Some diagnoses are harder to live with than others – I speak from personal experience on this. For a time, way back in the day, I was diagnosed with Borderline Personality Disorder (BPD). Borderline is incredibly stigmatized – the best comparison that I can make to a physical health condition with a comparable amount of stigma is diabetes, which only happens to lazy, fat people, am I right??
I dealt with a lot of stigma, perhaps most interestingly, from some of the psychiatrists and therapists who were tasked with helping me get well (who ostensibly should not have been treating me with obvious disdain based on my diagnoses). I wish I could say that all mental health professionals treat the person, not the diagnosis. I also wish I could say that they are free from stigma. They are not.
If you ever feel like your doctor or therapist is not treating you as a person first, diagnosis(es) second, it’s at least time to have a frank discussion – and quite possibly time to seek out someone else, someone who can hold your heart in their hands and not pigeon-hole you.
Now, back to BPD. I’ve read that it’s the condition that mental health professionals stigmatize the most – even to the point of some refusing to treat those with the disorder. Am I saying working with BPD is a walk in the park? No.

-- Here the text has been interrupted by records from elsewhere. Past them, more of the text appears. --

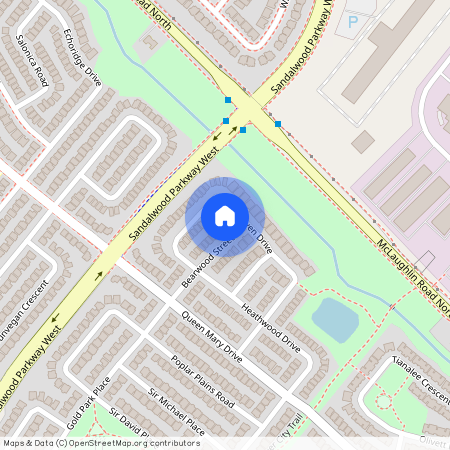 28 Bearwood Street, Brampton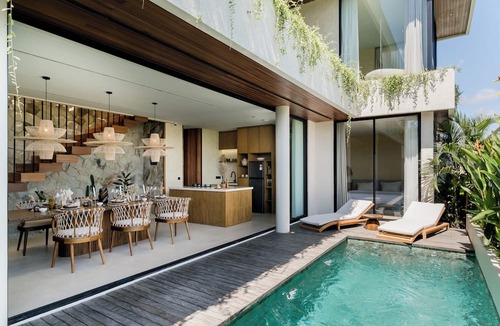 Bukit Resort | KONO Villas & Resort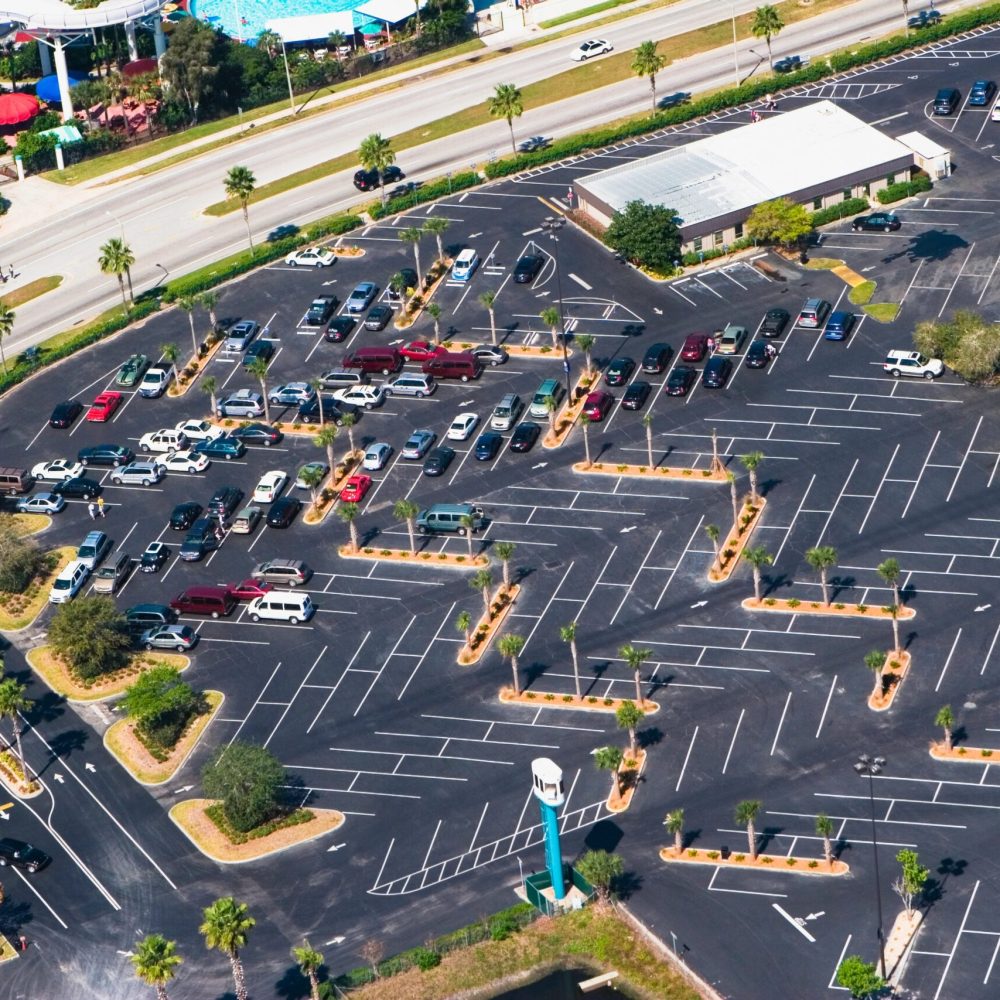 best Parking Lots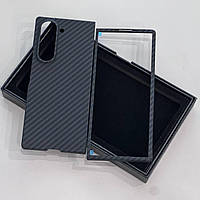 Карбоновий чохол для Samsung Galaxy Z Fold 6 Karbon case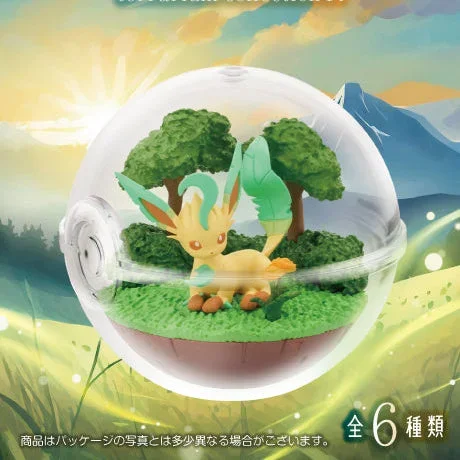 Re-Ment Pokémon Terrarium Collection 14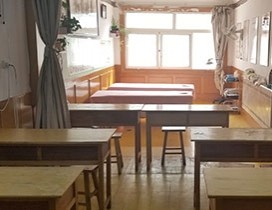 整洁的实训室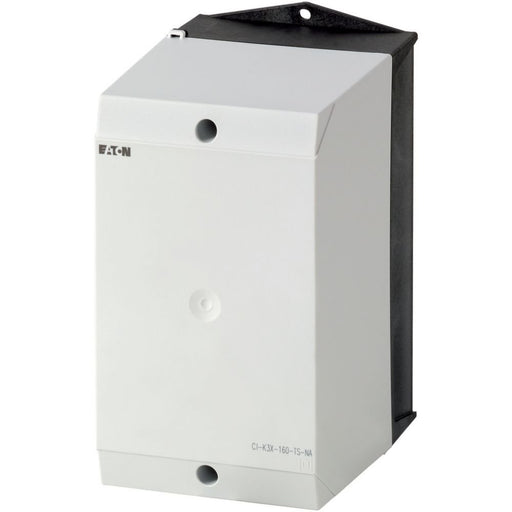 Eaton - Leergehäuse für Schaltgeräte Isolierstoffgehäuse CI-K3X CI-K3X-160-TS-NA +Tragschiene/CSA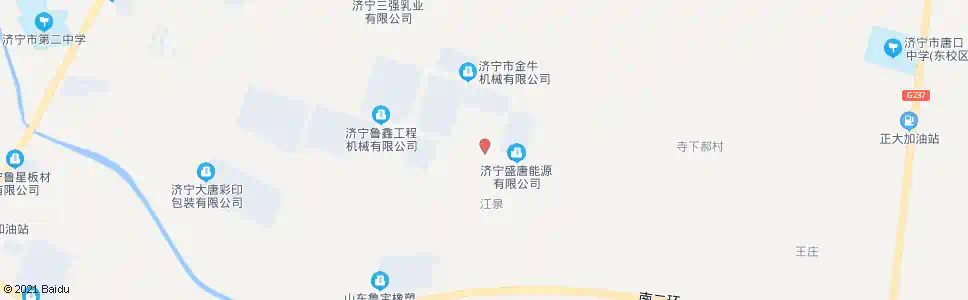 济宁刘屯_公交站地图_济宁公交_妙搜公交查询2025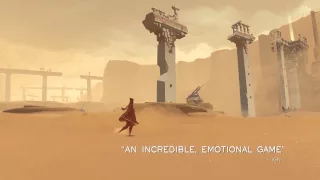 Journey Release Date Trailer - PS4 - 1080p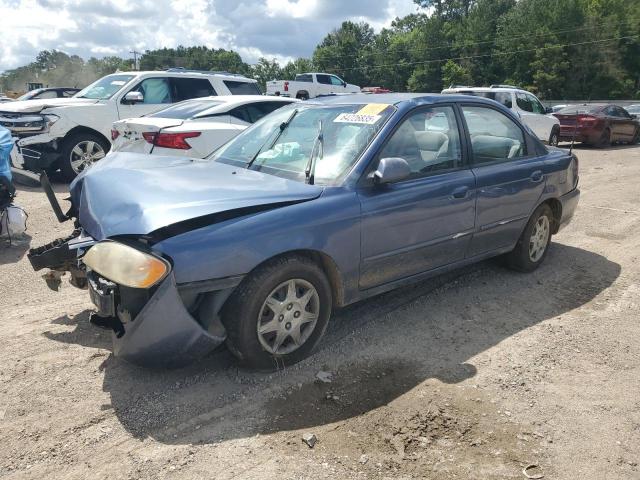  Salvage Kia Spectra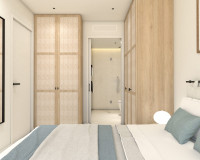 New Build - low-bungalow - Torre de la Horadada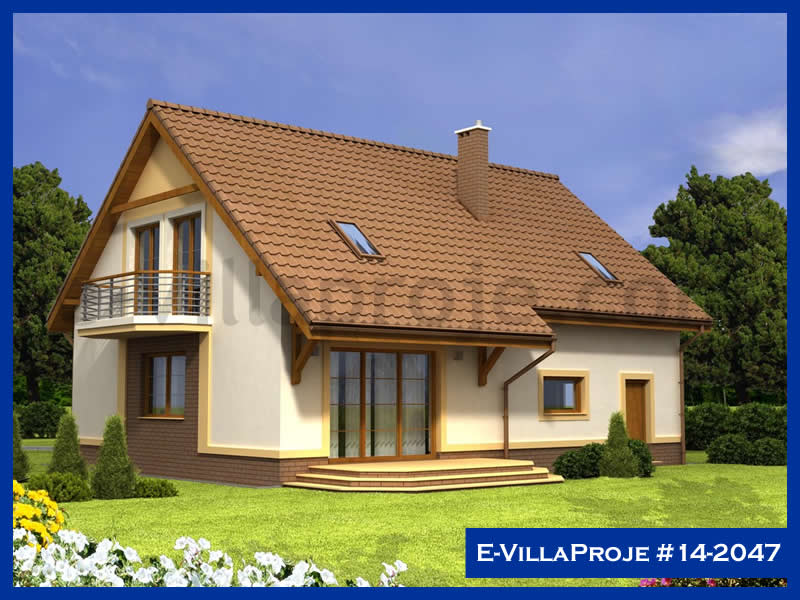 Gazbeton Çelik Ev 220 m² Dubleks (5+1) - Görsel 4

Thank the lord that I no longer qualify as having it – it occurs most often in young women, and the really good thing about it is that many (most?) individuals outgrow it as they age. The caveat is making sure they don’t suicide in the meantime.

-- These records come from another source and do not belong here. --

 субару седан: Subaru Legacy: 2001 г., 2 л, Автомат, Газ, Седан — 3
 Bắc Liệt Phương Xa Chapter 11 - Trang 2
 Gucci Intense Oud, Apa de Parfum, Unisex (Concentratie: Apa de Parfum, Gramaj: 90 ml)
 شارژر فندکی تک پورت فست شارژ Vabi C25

Interestingly enough, my longtime therapist consulted with another therapist who knew me well regarding whether I had BPD. I still love his answer: he said I was about the least Borderline person he knew. I felt equal parts vindicated and amused at being stripped of the diagnosis.
Just please promise me that you won’t put too much stock in your diagnosis(es). They may change, they may resolve, they may be inaccurate. I would urge you to see them as an insurance tool and little more. And if you ever feel like you are being treated as a diagnosis(es) and not a whole person, talk to your treater(s), and if it doesn’t resolve, I would advise thinking about making a change.